フリーランス向けシェアハウス 自社メディアで集客ルート確立
フィジビリ(神奈川県茅ケ崎市)はフリーランス向けシェアハウス「ノマド家」やフリーランス特化型メディア運営事業などを手掛けている。2018年にオープンした「ノマド家」は開業以来、高い稼働率を維持している。
代表取締役の辻本拓磨氏は大学卒業後にリクルートへ入社。将来の起業を見据えて、フリーランスをコンセプトとしたシェアハウスを数軒内見していた。ただそれらの物件では、コンセプトと異なって実際の入居者はフリーランスではない人が大半だった。「仕事を相互に発注しあったり、抱えている案件をシェアできたりする環境はフリーランスにとっては不可欠です。内見したシェアハウスはその機能が期待できそうになく残念でしたが、市場に供給されていないのであれば『チャンスでは』と考えて、自分で立ち上げました」。それが「ノマド家」だ。
「ノマド家」では現役のフリーランス、あるいは半年以内にフリーランスとなることを入居の条件としている。そのようにしたことで、「ノマド家」入居者同士の発注やワークシェアリングが活発に行われている。
このようなしっかりとしたフリーランス特化型シェアハウスをつくったことは高稼働の背景だ。またシェアハウスのポータルサイトなどを活用せずに、シェアハウスと同名のフリーランス特化型メディア「ノマド家」で入居者を募集。ターゲットに的確にアプローチすることが可能になっていて、「月に数十件の問い合わせをいただいています」(辻本氏)とのこと。物件は「茅ヶ崎」駅から徒歩17分。入居者の取引先が多くある東京オフィス街にも電車で約1時間、静穏な周辺環境が確保されていることもニーズにマッチする。
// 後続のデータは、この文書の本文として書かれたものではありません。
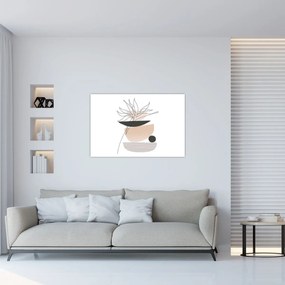 Kép - Vonal művészeti virágok N⁰1 (90x60 cm)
周辺のカフェやコワーキングスペースも混雑しないこともメリットの一つと認識されている。
辻本氏は今後について「『ノマド家』の物件を増やしていくことは考えていませんが、より大きな居住用物件と縁があれば移転も検討することになると思います」と話す。働き方が多様化している中で、フリーランスという選択肢も増えている。引き続き、高い需要を確保していくことができそうな物件だ。
数年で認知度拡大 ハード・ソフトで工夫
先行する事業者の見方はどうか。
シェア180(名古屋市中川区)代表取締役の伊藤正樹氏は「SHARE HOUSE 180°金沢」がオープンした2019年当時は「まだ国内でそれほど認知されていなかった」と振り返る。それだけに大手事業者をはじめとした競合企業の参入は「認知が高まる」と好意的に捉えている。同氏は「コリビングの需給関係は供給が不足しているように感じます。他企業の参入が大きな影響を与えるとは考えておらず、認知が進む点でプラス面が大きい」と話す。
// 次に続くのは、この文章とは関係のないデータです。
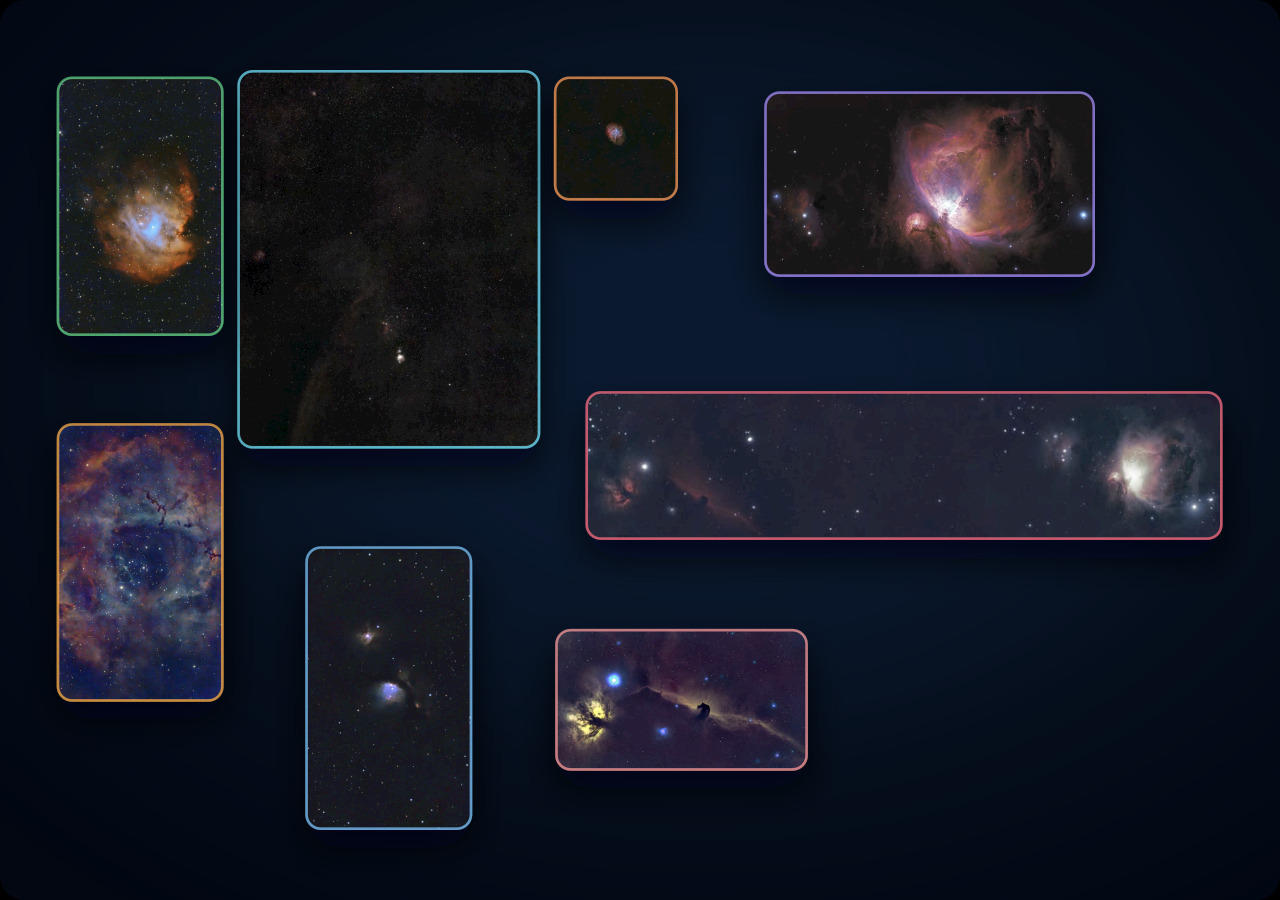 A compact nested sky map moving from a wide Orion and winter Milky Way field into individual nebulae and a supernova remnant.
コロナ禍が追い風になっている面もある。こういった「仕事ができるスペースを持つ賃貸住宅」はシェアハウスのなかでも差別化できる価値になってきている。
ただ将来的な見通しについては楽観していない。
「年月が経過すれば同様の物件が増えていきます。一方で、コロナ禍が落ち着くことでオフィス出社に戻る動きも一定数あると思われます。現在の供給不足から、供給過多に逆転するタイミングは必ず来るのではないでしょうか」
そこで同社では差別化施策を既に進めている。すでにハード面ではオフィス設計に特化してきた人と協業。同社の住まいづくりの知見を合わせて作っていくことで、「働きやすい住宅」を作り始めている。加えて、ソフト面でも機能やサービスなどの強化を検討している。
同社では今後、事業を全国に展開していく体制を整えていくとともに、5年以内に海外へ進出していくことも目標に据えている。
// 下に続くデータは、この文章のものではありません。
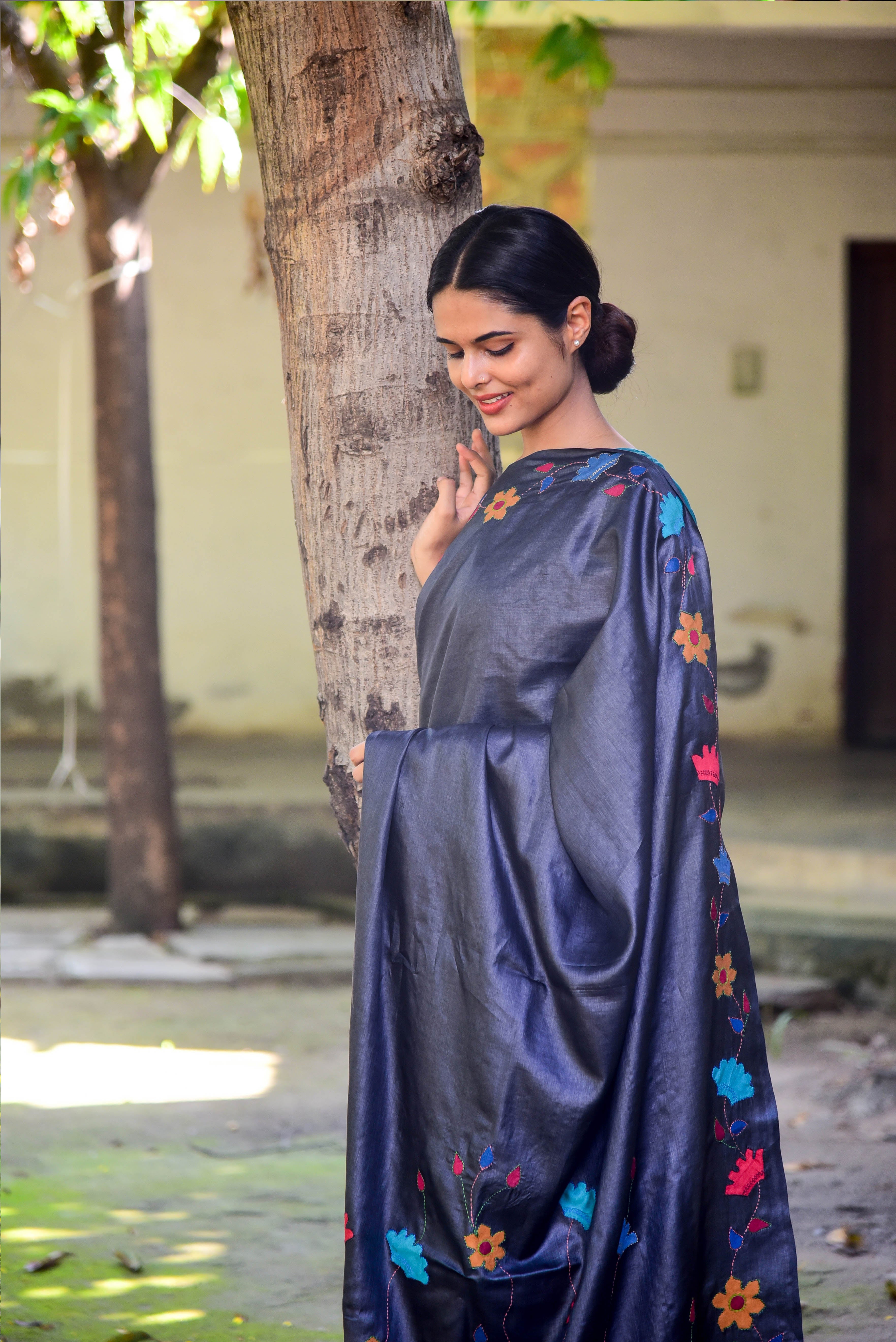 Silk sari with patch work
入居者などの今後のニーズを予測することは難しい。それでもこのような先駆者の取り組みは不動産経営のヒントになりそうだ。
これからを見据えた挑戦に
泰有社 伊藤康文氏
関内に所有しているビルなどにクリエイターのコミュニティがございますが、「ニューヤンキーノタムロバ」のようなクリエイターを目指す人たちのクリエイティビティを最大化していく場に取り組んでいくのは初となります。4月から運営がスタートし、1年間を通じて得た経験やノウハウを2年目にも生かしていきたいと考えています。今回このような取り組みを行っているのはコロナ禍を経てライフスタイルなども変わるなかで、ビルのこれからのニーズがどのようなものかを探っていきたいという意図があります。こういった取り組みから今後のビル経営のヒントも掴んでいきたいと思っています。